YOUR TASK
The answer should hold only the lines from the one containing "English Worksheet: Numbers 1 -20" through the one containing "Homfa Rectangle Kids" in the entries below, copied exactly, without pictures.

GIVEN DATA
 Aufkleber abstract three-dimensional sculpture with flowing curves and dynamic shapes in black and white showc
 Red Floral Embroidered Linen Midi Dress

---

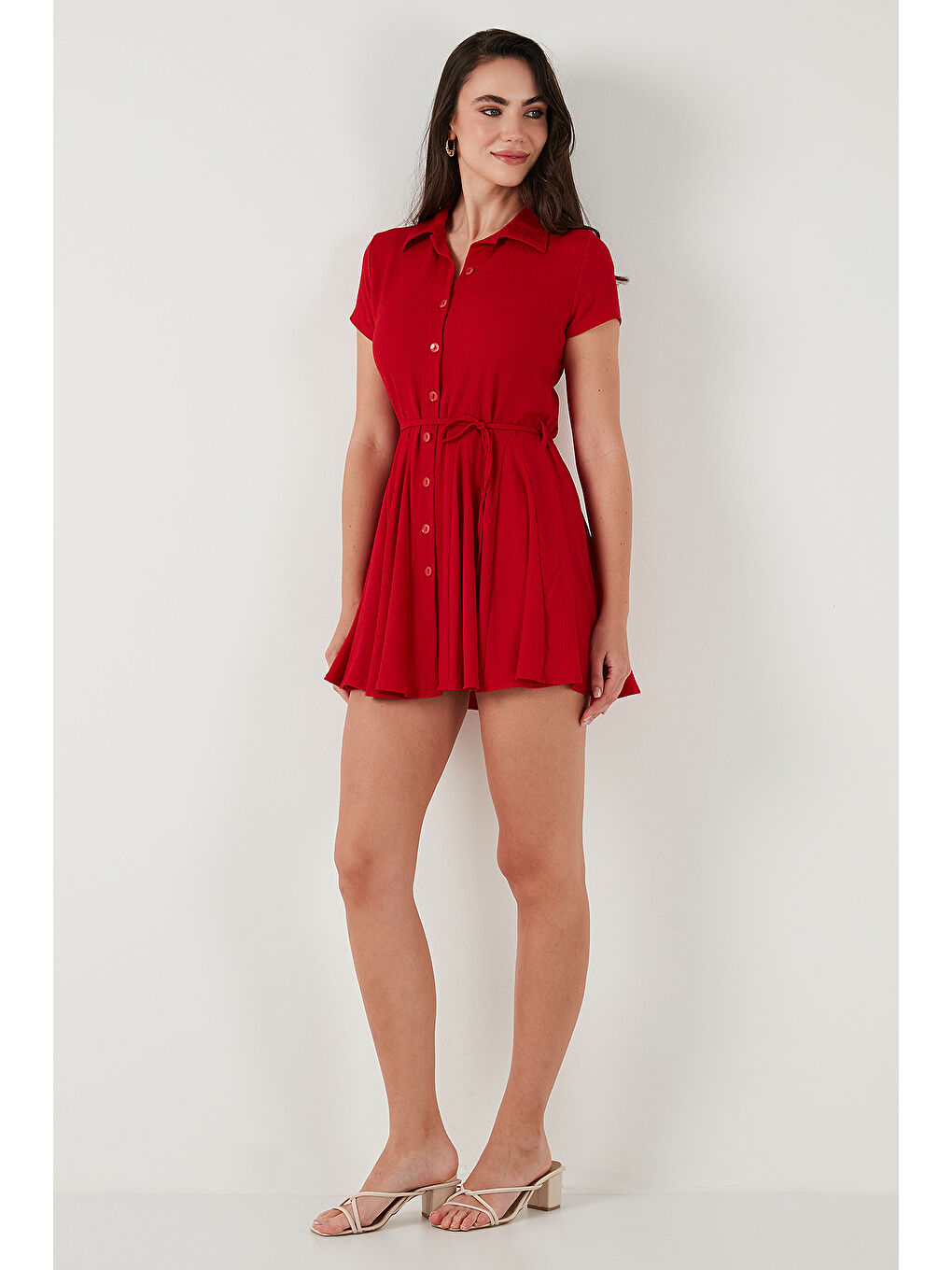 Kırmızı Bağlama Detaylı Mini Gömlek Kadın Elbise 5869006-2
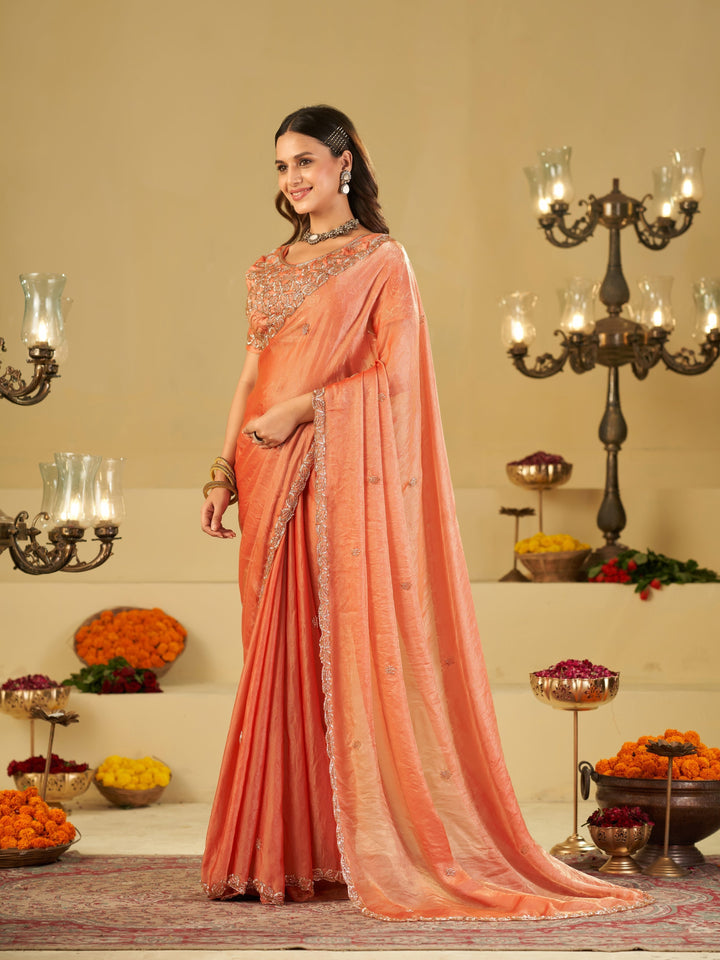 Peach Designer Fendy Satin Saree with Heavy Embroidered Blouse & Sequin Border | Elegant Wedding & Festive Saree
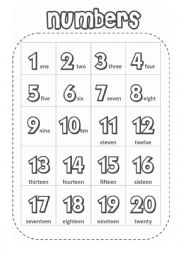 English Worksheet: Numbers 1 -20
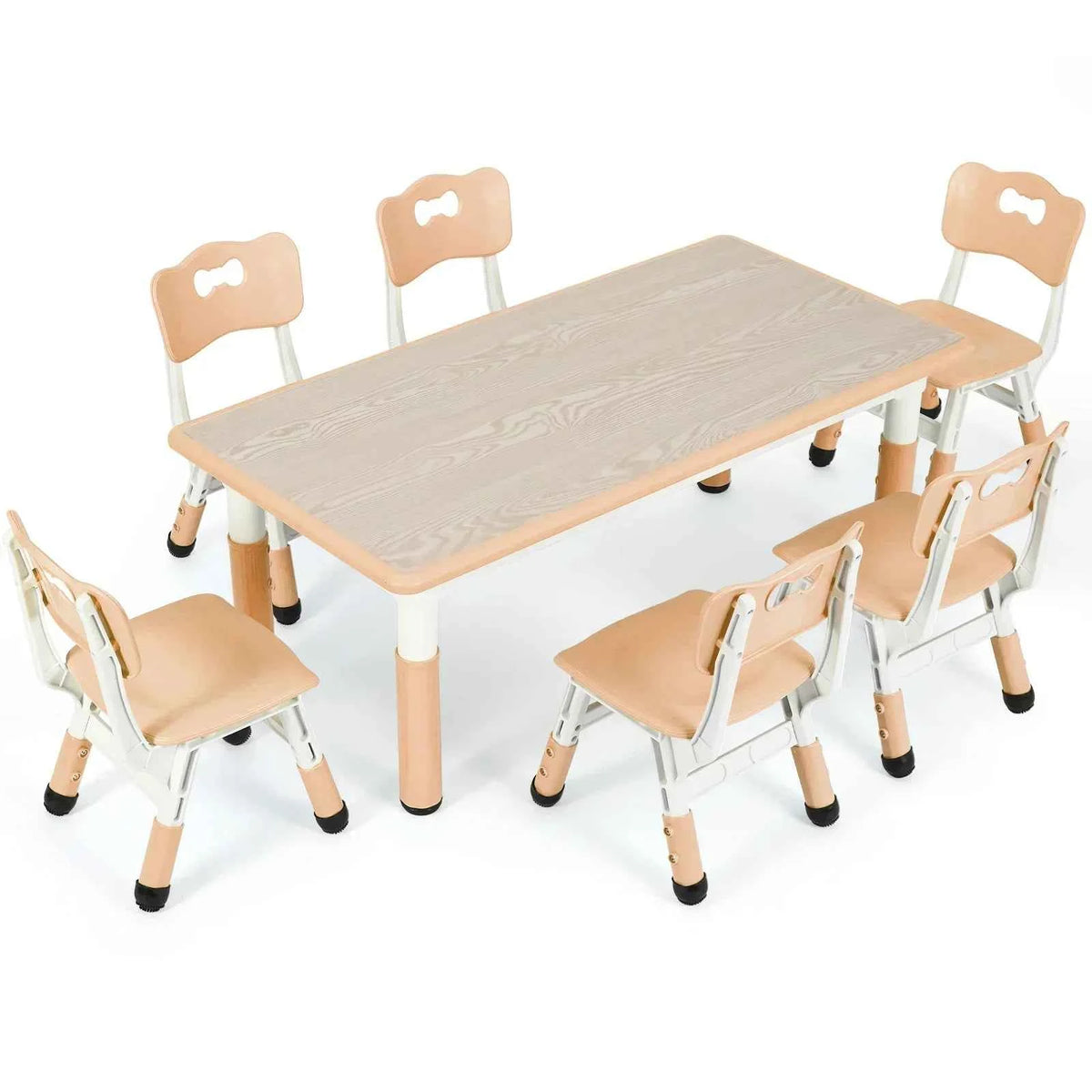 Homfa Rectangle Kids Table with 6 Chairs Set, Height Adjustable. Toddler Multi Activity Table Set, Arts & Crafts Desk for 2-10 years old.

---

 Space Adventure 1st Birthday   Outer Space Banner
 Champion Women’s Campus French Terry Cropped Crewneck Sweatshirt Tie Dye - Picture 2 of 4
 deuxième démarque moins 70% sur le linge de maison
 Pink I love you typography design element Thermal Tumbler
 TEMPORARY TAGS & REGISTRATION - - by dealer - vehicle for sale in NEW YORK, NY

RESPONSE FOR THIS EXERCISE
 English Worksheet: Numbers 1 -20
 Homfa Rectangle Kids Table with 6 Chairs Set, Height Adjustable. Toddler Multi Activity Table Set, Arts & Crafts Desk for 2-10 years old.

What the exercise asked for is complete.